Three sets of examples illustrate this agenda:
Over the course of several years, LaMP has developed a strong capacity in experimental research. Our speciality lies in replication, broadly understood: generalizing and extending experimental projects on questions central to public management. Examples include:
- “Shaping pro-environmental attitudes among public service trainees : an experimental study” (co-authored by LaMP member Xiaohu Wang)
- “Assessing Information-based Policy Tools : An Eye-Tracking Laboratory Experiment on Public Information Posters” (authored by LaMP members Richard Walker and Dannii Yuen-Lan Yeung, former LaMP member M. Jin Lee, and LaMP alumnus Ivan Lee)
- “Best Practice Recommendations for Replicating Experiments in Public Administration” (co-authored by LaMP members Richard Walker and Nick Petrovsky, and former LaMP member M. Jin Lee)
LaMP is also known for a focus on quantitatively integrating key literatures in public management and policy, to take stock of the distribution of evidence and use these insights to inform advances to the research agenda. Examples include:
- “Bibliometric Mapping of Emotional Labor Studies in Public Administration” (co-authored by LaMP members Chih-Wei Hsieh and Daan Wang)
- “Does Strategic Planning Improve Organizational Performance? A Meta-Analysis” (co-authored by LaMP alumnus Bert George and LaMP member Richard Walker)
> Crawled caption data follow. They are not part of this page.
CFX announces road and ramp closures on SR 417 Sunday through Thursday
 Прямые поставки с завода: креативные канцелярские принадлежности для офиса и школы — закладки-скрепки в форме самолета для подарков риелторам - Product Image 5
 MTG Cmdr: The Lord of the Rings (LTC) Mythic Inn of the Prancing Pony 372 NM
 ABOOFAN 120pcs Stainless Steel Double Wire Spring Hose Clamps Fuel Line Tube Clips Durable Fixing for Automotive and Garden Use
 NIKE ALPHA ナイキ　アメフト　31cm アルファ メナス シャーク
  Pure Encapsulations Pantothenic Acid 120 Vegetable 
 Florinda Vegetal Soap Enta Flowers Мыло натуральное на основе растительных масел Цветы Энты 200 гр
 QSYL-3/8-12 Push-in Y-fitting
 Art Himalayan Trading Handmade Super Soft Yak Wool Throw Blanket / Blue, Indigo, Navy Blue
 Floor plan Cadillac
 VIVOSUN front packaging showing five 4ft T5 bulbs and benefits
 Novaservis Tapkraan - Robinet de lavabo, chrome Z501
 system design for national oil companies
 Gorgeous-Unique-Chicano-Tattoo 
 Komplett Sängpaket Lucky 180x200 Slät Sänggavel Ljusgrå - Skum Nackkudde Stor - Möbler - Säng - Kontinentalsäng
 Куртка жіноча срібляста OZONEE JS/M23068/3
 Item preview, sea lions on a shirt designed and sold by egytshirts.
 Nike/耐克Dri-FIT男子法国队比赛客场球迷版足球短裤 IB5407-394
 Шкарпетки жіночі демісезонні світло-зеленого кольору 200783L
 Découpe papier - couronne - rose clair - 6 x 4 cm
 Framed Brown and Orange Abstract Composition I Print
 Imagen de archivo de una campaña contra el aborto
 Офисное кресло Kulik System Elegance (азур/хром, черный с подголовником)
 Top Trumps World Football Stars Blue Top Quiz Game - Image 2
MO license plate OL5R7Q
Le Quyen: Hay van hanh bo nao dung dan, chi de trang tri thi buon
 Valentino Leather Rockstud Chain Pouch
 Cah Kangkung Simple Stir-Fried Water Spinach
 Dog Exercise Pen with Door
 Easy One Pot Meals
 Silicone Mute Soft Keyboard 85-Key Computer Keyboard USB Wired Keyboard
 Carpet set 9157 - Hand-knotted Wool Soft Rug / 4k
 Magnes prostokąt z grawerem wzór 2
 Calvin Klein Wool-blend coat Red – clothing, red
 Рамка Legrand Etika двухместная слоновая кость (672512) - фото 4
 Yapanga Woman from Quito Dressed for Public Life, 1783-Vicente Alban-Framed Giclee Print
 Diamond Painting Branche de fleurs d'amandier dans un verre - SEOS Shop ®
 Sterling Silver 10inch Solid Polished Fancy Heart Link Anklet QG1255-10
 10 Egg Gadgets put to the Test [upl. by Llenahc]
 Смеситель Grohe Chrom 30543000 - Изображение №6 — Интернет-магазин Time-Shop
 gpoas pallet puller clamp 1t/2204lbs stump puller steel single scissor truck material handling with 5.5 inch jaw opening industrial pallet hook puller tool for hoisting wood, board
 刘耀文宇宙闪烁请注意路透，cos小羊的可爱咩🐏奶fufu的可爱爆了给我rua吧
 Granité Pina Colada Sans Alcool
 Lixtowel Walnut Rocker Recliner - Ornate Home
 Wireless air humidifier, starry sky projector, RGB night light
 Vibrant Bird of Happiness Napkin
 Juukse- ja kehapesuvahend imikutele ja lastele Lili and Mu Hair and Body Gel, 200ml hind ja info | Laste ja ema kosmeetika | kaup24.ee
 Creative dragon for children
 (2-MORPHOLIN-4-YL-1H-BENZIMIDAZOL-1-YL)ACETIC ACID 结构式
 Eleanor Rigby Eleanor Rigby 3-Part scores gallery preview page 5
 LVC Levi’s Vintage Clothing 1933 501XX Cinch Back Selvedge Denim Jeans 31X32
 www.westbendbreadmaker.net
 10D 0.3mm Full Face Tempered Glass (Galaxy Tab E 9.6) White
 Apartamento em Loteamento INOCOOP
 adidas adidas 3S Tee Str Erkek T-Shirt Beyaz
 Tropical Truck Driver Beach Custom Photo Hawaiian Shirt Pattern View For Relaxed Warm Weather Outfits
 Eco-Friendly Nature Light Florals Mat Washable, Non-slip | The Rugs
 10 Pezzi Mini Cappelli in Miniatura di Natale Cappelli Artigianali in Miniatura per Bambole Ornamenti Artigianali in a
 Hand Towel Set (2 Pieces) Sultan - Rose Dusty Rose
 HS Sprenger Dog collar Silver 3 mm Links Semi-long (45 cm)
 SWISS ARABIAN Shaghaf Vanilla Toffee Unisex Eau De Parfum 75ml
- “How Does a Seminal Article in Public Administration Diffuse and Influence the Field” (authored by former LaMP member Yanto Chandra and current LaMP member Richard Walker)
Finally, LaMP members are active in carefully designed observational studies, covering range of topics: budgeting, energy, environment, human resource management, organizational design, organizational performance, sustainable development, social and public services innovation, and strategic management. Examples include:
- “Institutional Intermediaries and Firm Choices in Response to Regulations” (authored by LaMP member Ning Liu)
- “The role of political connection on overinvestment of Chinese energy firms” (co-authored by LaMP member Lin Zhang)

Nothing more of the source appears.